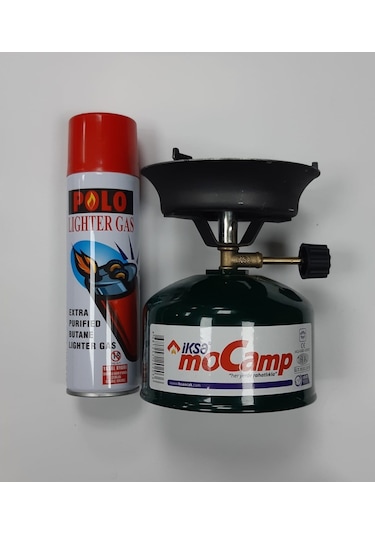 İksa Mocamp Pratik Kamp Ocağı Kırmızı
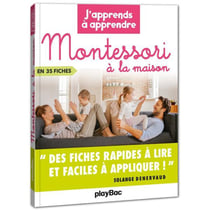 Montessori à la maison - j'apprends à apprendre
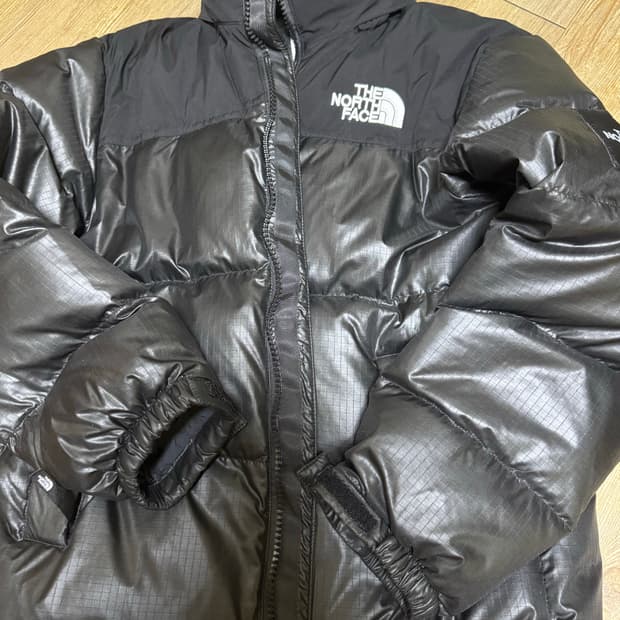 노스페이스 눕시 블랙 L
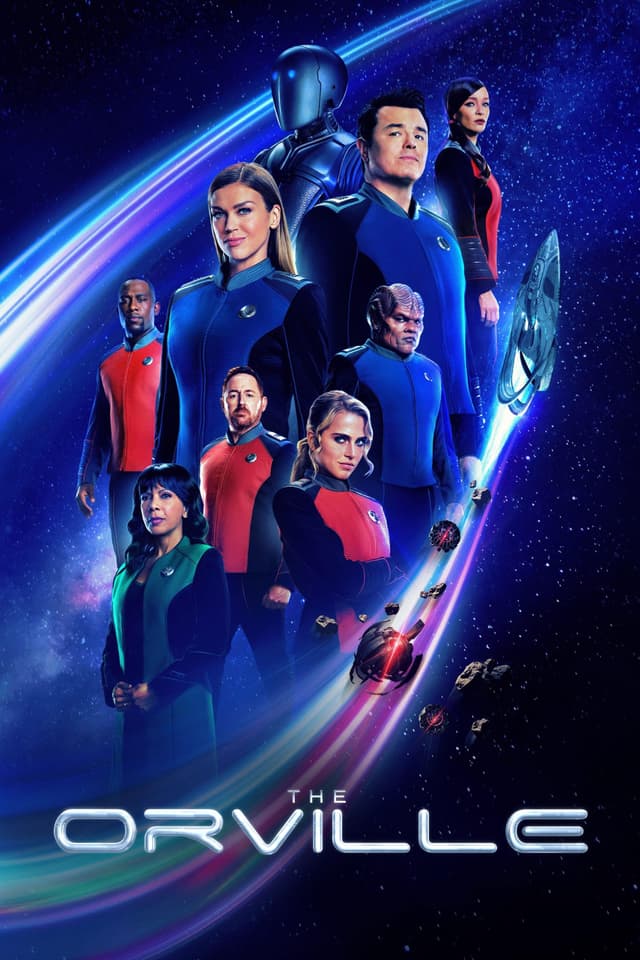 The Orville poster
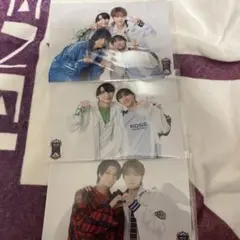 エビライ 福男 生写真 杢代和人 山中柔太朗 柴崎楽 志賀李玖 阿久根温世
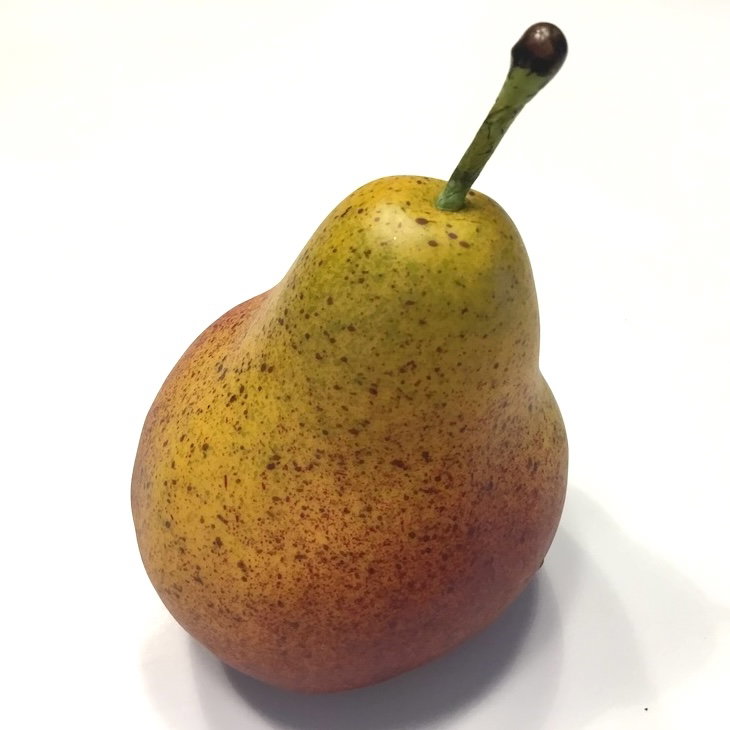 Rød pære super naturtro - Billede 7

****************

Your instructions: Give back all entries exactly. No pictures belong in the copy.

Result for this exercise:
 İksa Mocamp Pratik Kamp Ocağı Kırmızı
 Montessori à la maison - j'apprends à apprendre
 노스페이스 눕시 블랙 L
 The Orville poster
 エビライ 福男 生写真 杢代和人 山中柔太朗 柴崎楽 志賀李玖 阿久根温世
 Rød pære super naturtro - Billede 7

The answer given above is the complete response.